Let $X,Y$ be independent random variables such that $X \sim \operatorname{Gamma}(a,b)$ and $Y\sim \operatorname{Gamma}(c,b)$. We denote $M = E_{X,Y}\left[\frac{X}{X+Y}\right]$.
We know that in the above framework $\frac{X}{X+Y}$ is beta distributed, and hence $M$ is the mean of a beta random variable.
Now I need to obtain $$M1 = E_{X,Y}\left[\frac{X^2}{X+Y}\right].$$
Is is correct to claim that $$M1 = \frac{c_{a}}{c_{a-1}}E_{X,Y}\left[\frac{X}{X+Y}\right],$$ where $X \sim \operatorname{Gamma}(a+1,b)$, and $Y \sim \operatorname{Gamma}(c,b)$, and $c_a$ and $c_{a-1}$ are normalization constants for the PDFs of $X$ with parameters $a$ and $a-1$, respectively?

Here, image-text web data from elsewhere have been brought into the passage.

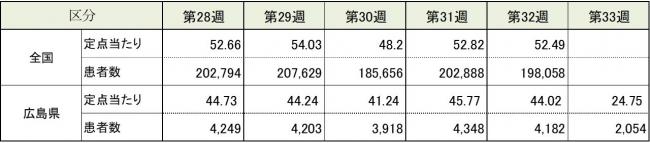 ARI全国と広島県の患者報告数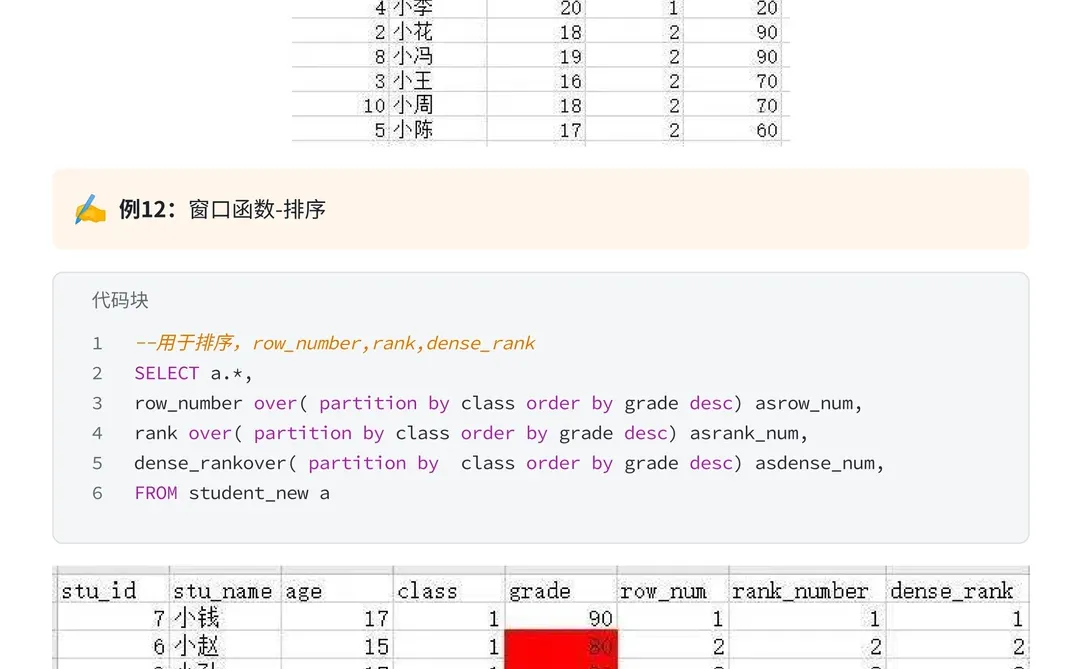 61段SQL取数核心代码❗谁还不会
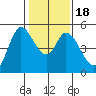 Petaluma River tide chart for Monday, January 18, 2021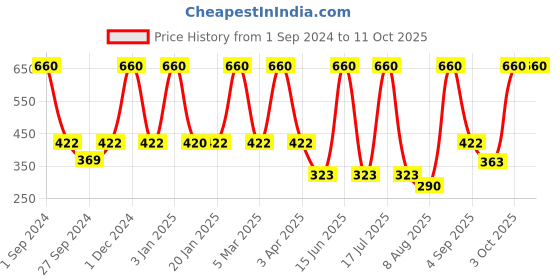myntra.com Dollar Socks Pack Of 3 Calf Length Patterned Socks dollar socks Price History Graph from 1 Sep 2024 to 10 Oct 2025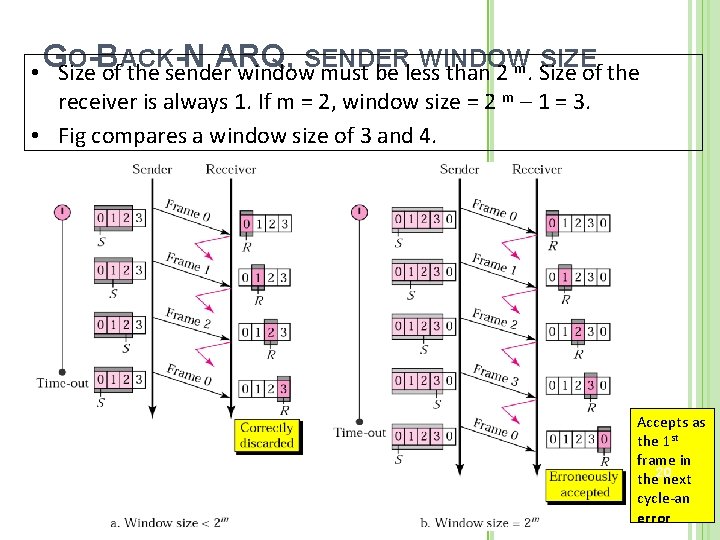 G O-BACK-N ARQ, SENDER WINDOW SIZE m • Size of the sender window must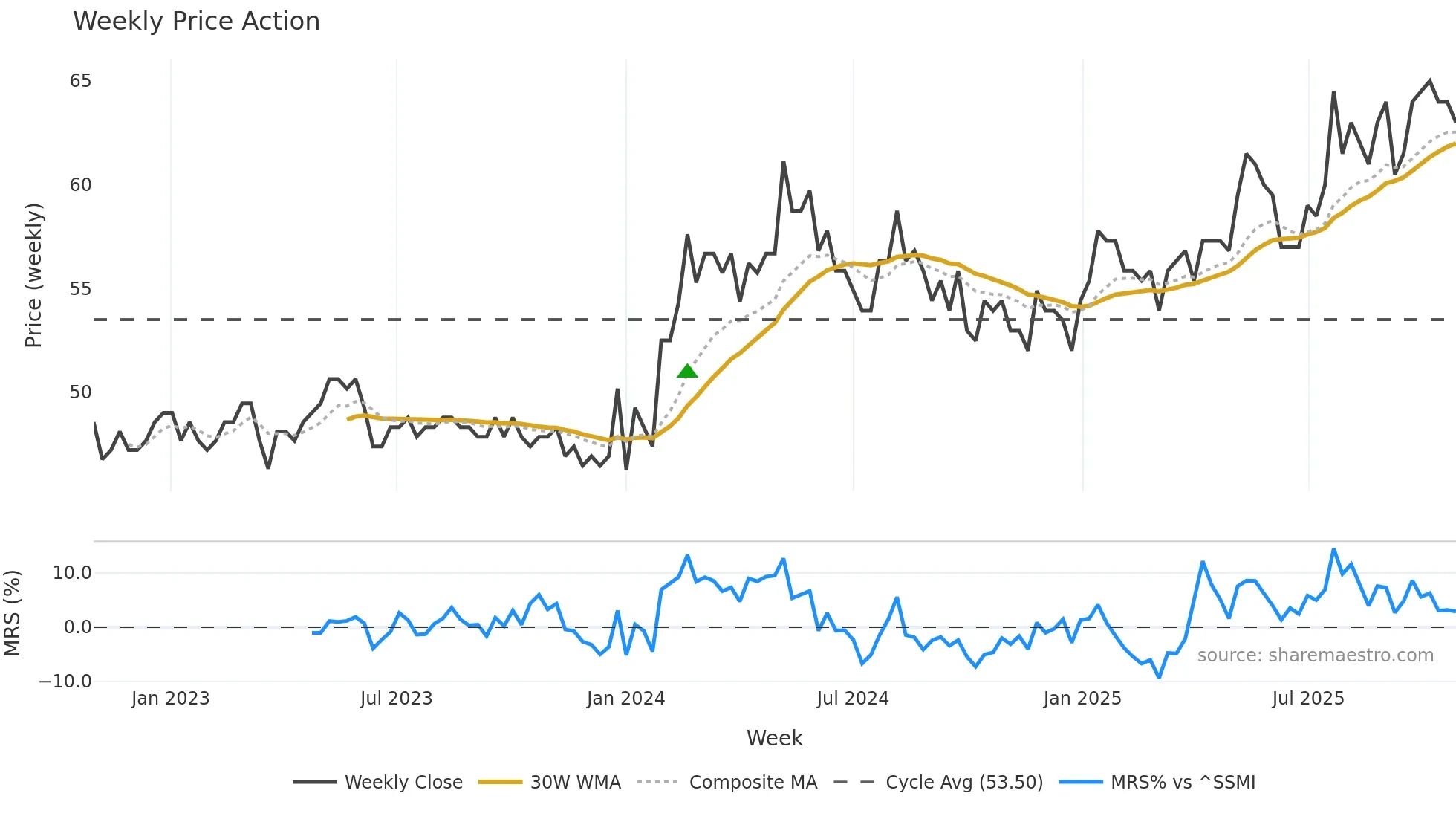 BCJ weekly Price Action chart, closing 2025-10-27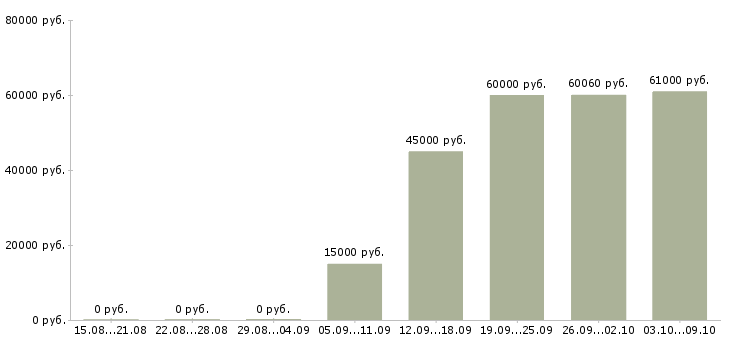 Вакансии руководитель командой в Туле - Медиана зарплат руководитель командой в Туле за 2 месяца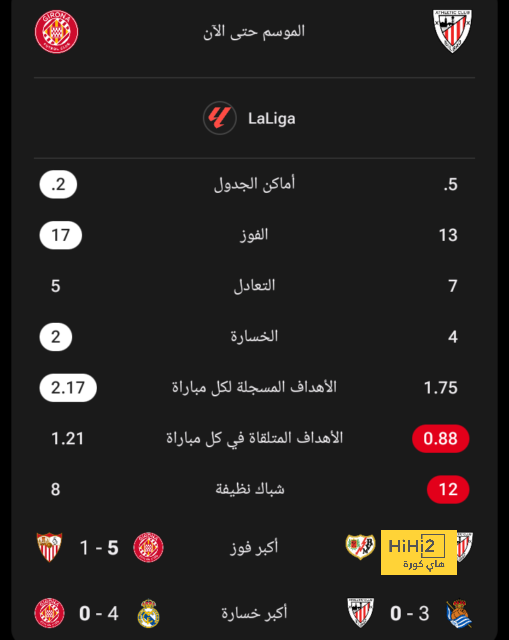 فيديو : غوارديولا يوجه لاعبي مانشستر سيتي رغم الفوز 5-1 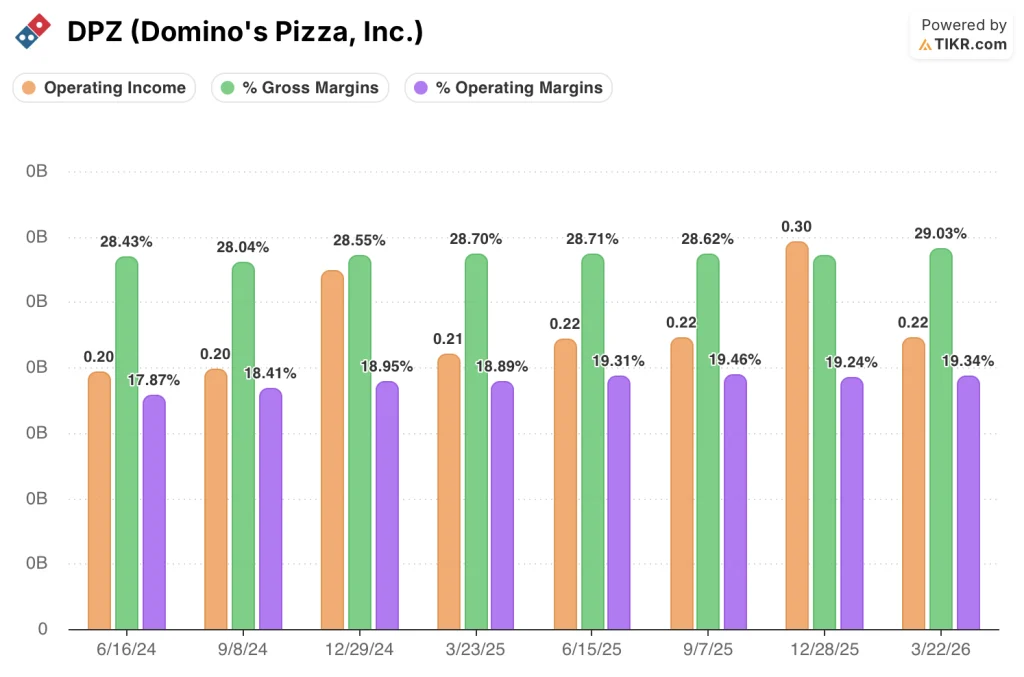 domino's stock financials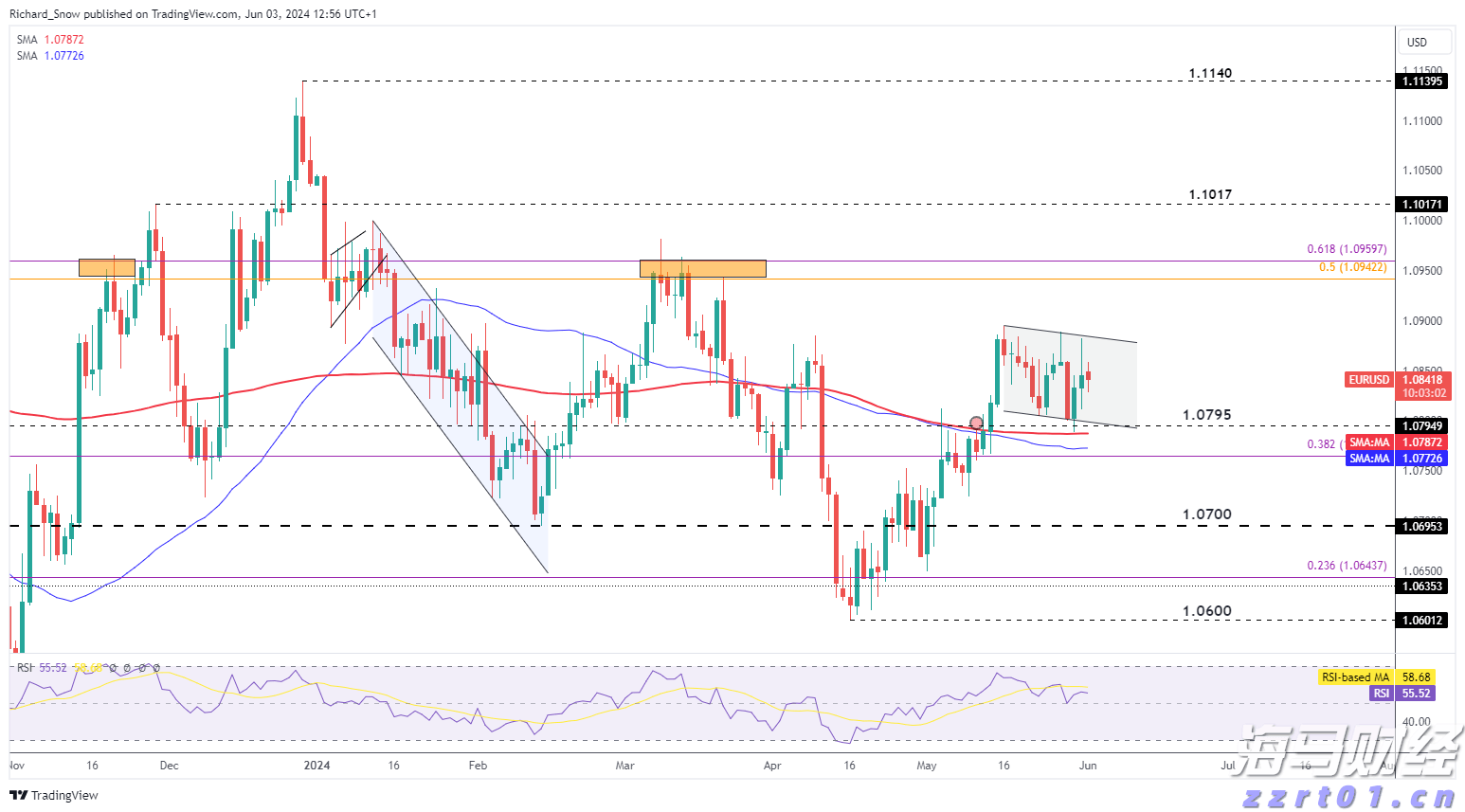 财政赤字危机加剧市场分化!高盛警告:美债和美元受压,美股表现韧性
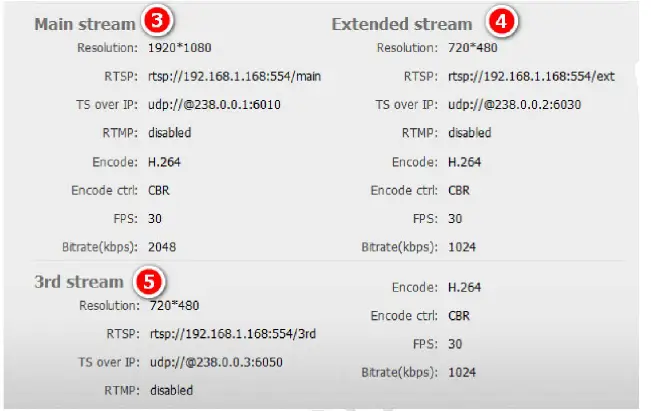 Fmuser-FBE200-IPTV-Streaming-Encoder-9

Any other solutions to $M1$ are welcome.
For independent $X \sim \operatorname{Gamma}(a,b)$ and $Y \sim \operatorname{Gamma}(c,b)$ $$\tag{1}\label{1} E_{X,Y}\left[\frac{X^2}{X+Y}\right] = \int_0^\infty \int_0^\infty \frac{x^2}{x+y} \frac{b^a}{\Gamma(a)}x^{a-1}e^{-bx}\frac{b^c}{\Gamma(c)}y^{c-1}e^{-by}\,dx\,dy $$ For independent $U \sim \operatorname{Gamma}(a+1,b)$ and $V \sim \operatorname{Gamma}(c,b)$ $$\tag{2}\label{2} E_{U,V}\left[\frac{U}{U+V}\right] = \int_0^\infty \int_0^\infty \frac{x}{x+y} \frac{b^{a+1}}{\Gamma(a+1)}x^{a}e^{-bx}\frac{b^c}{\Gamma(c)}y^{c-1}e^{-by}\,dx\,dy $$ One can see that r.h.s.'s in (\ref{1}) and (\ref{2}) are differ by constant only: $$ E_{U,V}\left[\frac{U}{U+V}\right] =\frac{b}{a}E_{X,Y}\left[\frac{X^2}{X+Y}\right]. $$ Then $$ M1=E_{X,Y}\left[\frac{X^2}{X+Y}\right]=\frac{a}{b}E_{U,V}\left[\frac{U}{U+V}\right]=\frac{a}{b}\cdot\frac{a+1}{a+1+c} $$ where $U \sim \operatorname{Gamma}(a+1,b)$ and $V \sim \operatorname{Gamma}(c,b)$ are independent r.v.